Gálatas

Nome dado aos Celtas pelos Gregos antigos, embora designe mais especificamente a tribo que habitava a Galácia, na atual Turquia. Os Celtas penetraram na região dos Balcãs e do Danúbio nos começos dos séculos V-IV a. C. Em 280 a. C. derrotaram os Macedónios no Norte da Grécia, lançando-se depois sobre a cidade sagrada de Delfos, para a saquear. Todavia os Etólios repeliram-nos da região. Voltaram-se então contra os Trácios, no Nordeste da Grécia, mas foram derrotados por estes. Algumas das tribos célticas atravessaram, contudo, o Helesponto (estreito do Bósforo), em direção à Ásia Menor (Turquia). Belicosas, estas tribos envolveram-se várias vezes em confrontos armados na região, apesar de sujeitas ao governo de tetrarcas locais. Antíoco I da Síria (c. 277) e Atalo I de Pérgamo (229-228) foram alguns dos senhores locais que venceram os Celtas da Ásia Menor, que eram compostos essencialmente por três tribos: os Tolistóbogos, os Trocmi e os Tectosagi. Estas foram remetidas progressivamente para o interior, estabelecendo-se no território situado entre o curso médio dos rios Sangario (atual Sakarya) e Halys (Kizil Irmak), numa região entalada entre a Bitínia, o Ponto, a Capadócia e a Frigia. Algumas das áreas limítrofes destas regiões foram mesmo ocupadas pelos Gálatas.
Os Gálatas, estabelecidos numa região planáltica rica em cereais, acabaram por ser atores de todos os acontecimentos ocorridos na Ásia Menor a partir do século II a. C., o que motivou ulteriormente a intervenção dos Romanos. O cônsul Gneu Mânlio Vulsone, devido à aliança dos Gálatas com Antíoco III da Síria, atacou-os e derrotou-os em 189 a. C. Alguns anos depois, em 183 a. C., os Gálatas confrontaram-se com Eumenes II de Pérgamo, com quem viriam a registar novos duelos em 168 a. C., sempre com algum sucesso. Com o apoio de Roma, a quem se aliaram, tornaram-se independentes em 166 a.C, fora portanto do domínio dos soberanos greco-anatólico-sírios, sob os quais antes estiveram. Depois dos reinados de Deiotaro e de Amintas, último rei, os Gálatas foram dominados pelos Romanos, a partir do ano de 25 a. C., criando-se a província romana da Galácia, governada por um propretor (pretor que foi reeleito para o mesmo cargo administrativo) e com capital em Ancira, a cidade histórica mais importante dos Gálatas da Ásia Menor. A população era essencialmente galo-grega (mestiçagem) e também gálata e grega, além de romanos e judeus.
A região foi evangelizada pelo apóstolo S. Paulo, que a visitou várias vezes. Chegou mesmo a escrever aos cristãos gálatas uma Carta, um dos manifestos mais importantes da parte de Paulo relativamente à emancipação dos cristãos face ao Judaísmo. De facto, devido a intrigas dos Judeus, que defendiam que os Gálatas depois de receberem o Cristianismo se deveriam submeter à circuncisão e à observância da lei e instituições mosaicas (de Moisés, logo judaicas). Paulo argumentou que a lei tinha um papel apenas preparatório e passageiro, sendo necessário caminhar no espírito e na liberdade, em comunidade.
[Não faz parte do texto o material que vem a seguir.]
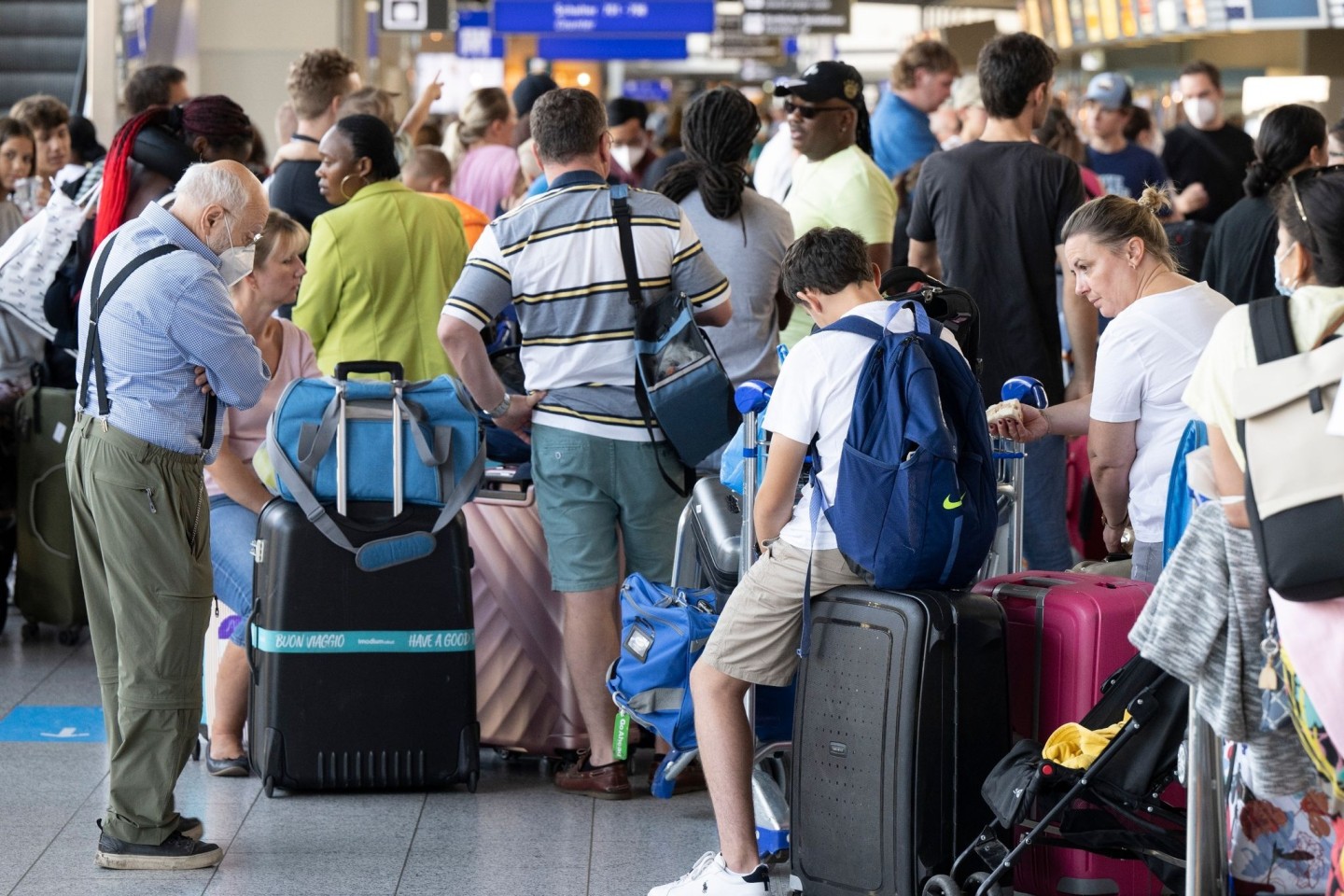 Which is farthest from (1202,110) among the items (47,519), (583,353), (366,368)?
(47,519)

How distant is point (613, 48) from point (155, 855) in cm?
2093

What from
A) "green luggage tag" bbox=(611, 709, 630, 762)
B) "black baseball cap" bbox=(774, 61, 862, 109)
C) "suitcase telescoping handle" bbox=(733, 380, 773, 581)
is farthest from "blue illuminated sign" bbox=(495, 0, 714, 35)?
"suitcase telescoping handle" bbox=(733, 380, 773, 581)

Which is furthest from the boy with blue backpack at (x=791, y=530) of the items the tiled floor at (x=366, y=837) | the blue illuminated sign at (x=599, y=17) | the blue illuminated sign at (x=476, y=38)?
the blue illuminated sign at (x=476, y=38)

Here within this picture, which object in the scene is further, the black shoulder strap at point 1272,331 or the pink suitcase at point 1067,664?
the pink suitcase at point 1067,664

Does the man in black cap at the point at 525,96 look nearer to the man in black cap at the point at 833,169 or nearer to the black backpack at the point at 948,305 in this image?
the man in black cap at the point at 833,169

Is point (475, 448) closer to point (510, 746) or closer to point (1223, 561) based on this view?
point (510, 746)

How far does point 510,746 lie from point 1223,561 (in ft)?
8.93

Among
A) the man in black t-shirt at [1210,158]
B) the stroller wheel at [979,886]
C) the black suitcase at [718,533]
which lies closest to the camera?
the stroller wheel at [979,886]

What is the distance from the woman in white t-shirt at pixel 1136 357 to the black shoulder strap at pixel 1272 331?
3.47 feet

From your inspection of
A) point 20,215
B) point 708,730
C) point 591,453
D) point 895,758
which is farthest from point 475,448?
point 20,215

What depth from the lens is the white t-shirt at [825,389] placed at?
11.8 feet

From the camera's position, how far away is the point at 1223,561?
8.91 ft

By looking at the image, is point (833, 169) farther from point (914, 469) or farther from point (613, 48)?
point (613, 48)

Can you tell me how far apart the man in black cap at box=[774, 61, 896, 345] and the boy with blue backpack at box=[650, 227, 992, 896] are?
79.1 inches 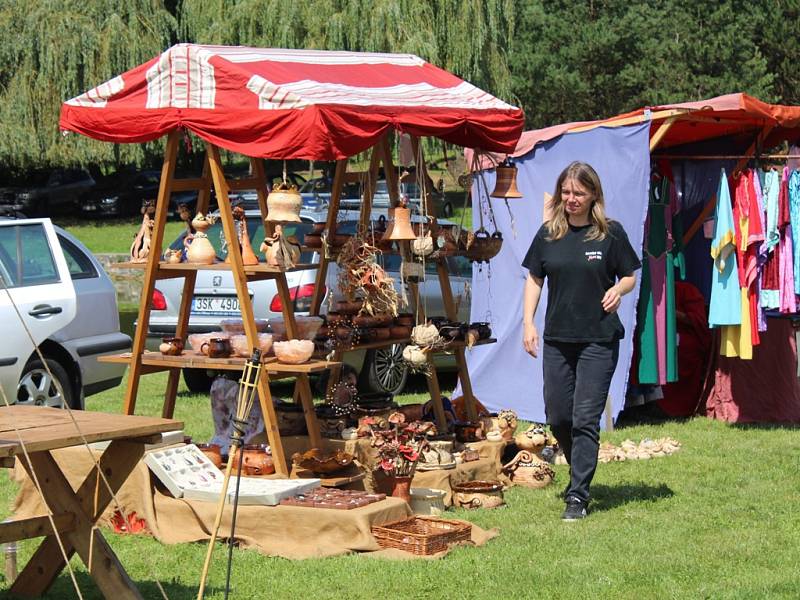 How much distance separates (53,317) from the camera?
354 inches

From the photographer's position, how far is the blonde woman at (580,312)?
6629 mm

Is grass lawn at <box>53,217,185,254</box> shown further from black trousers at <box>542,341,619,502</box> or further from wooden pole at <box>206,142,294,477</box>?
black trousers at <box>542,341,619,502</box>

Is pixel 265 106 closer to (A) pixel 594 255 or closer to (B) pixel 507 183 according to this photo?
(A) pixel 594 255

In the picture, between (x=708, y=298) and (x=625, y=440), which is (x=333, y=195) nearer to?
(x=625, y=440)

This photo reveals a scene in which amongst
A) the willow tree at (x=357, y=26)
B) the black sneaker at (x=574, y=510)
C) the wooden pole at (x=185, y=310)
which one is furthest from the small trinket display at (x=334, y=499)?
the willow tree at (x=357, y=26)

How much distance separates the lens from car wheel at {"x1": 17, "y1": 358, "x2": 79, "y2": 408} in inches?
361

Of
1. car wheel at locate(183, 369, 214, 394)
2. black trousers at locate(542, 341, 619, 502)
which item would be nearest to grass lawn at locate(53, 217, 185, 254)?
car wheel at locate(183, 369, 214, 394)

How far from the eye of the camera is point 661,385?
33.1ft

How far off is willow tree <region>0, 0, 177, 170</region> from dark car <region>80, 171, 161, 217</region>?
32.3ft

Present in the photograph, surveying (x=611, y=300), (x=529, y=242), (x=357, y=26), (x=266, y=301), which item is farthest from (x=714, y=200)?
(x=357, y=26)

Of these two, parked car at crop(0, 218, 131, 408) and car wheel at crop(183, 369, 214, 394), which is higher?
parked car at crop(0, 218, 131, 408)

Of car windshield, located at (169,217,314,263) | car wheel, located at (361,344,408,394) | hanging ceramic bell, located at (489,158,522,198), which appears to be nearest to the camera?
hanging ceramic bell, located at (489,158,522,198)

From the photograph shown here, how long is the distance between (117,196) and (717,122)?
2383 centimetres

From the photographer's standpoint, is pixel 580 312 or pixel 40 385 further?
pixel 40 385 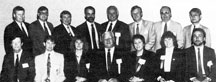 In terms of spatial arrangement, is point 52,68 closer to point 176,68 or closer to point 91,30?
point 91,30

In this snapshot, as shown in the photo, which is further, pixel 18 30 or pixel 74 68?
pixel 18 30

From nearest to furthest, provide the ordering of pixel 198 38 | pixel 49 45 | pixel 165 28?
pixel 198 38, pixel 165 28, pixel 49 45

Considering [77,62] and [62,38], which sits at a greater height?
[62,38]

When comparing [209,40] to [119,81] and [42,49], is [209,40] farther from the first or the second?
[42,49]

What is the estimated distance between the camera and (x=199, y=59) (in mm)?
3918

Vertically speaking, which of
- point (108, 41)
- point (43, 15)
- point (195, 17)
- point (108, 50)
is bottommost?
point (108, 50)

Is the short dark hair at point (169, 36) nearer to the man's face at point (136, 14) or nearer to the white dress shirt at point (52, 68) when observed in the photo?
the man's face at point (136, 14)

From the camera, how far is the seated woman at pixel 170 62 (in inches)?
154

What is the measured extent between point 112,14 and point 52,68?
925mm

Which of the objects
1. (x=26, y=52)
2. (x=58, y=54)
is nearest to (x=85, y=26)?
(x=58, y=54)

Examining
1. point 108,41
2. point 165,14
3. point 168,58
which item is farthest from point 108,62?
point 165,14

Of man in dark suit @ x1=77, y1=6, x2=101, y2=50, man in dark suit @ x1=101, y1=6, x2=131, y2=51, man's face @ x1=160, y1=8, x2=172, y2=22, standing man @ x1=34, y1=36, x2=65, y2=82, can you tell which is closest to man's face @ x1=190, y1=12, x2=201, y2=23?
man's face @ x1=160, y1=8, x2=172, y2=22

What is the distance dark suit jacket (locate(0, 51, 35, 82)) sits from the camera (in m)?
4.10

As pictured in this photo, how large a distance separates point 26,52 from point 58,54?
38 cm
Também S. Jerónimo nos dá notícias dos Gálatas nos seus escritos, que no século IV d. C. referia que os mesmos mantiveram os seus costumes e usos, bem como a sua língua, bem como alguns ritos religiosos e ideias, embora muito mesclados com os mistérios frígios, por exemplo, de influência greco-romana. Hoje os Gálatas não existem como povo definido pela língua, cultura, religião e costumes, pois foram completamente islamizados e adotaram a cultura turca, com cujo povo se mestiçaram completamente. Apenas se notam comunidades de turcos na região da Galácia com cabelo, pele e olhos mais claros, além de maior estatura média.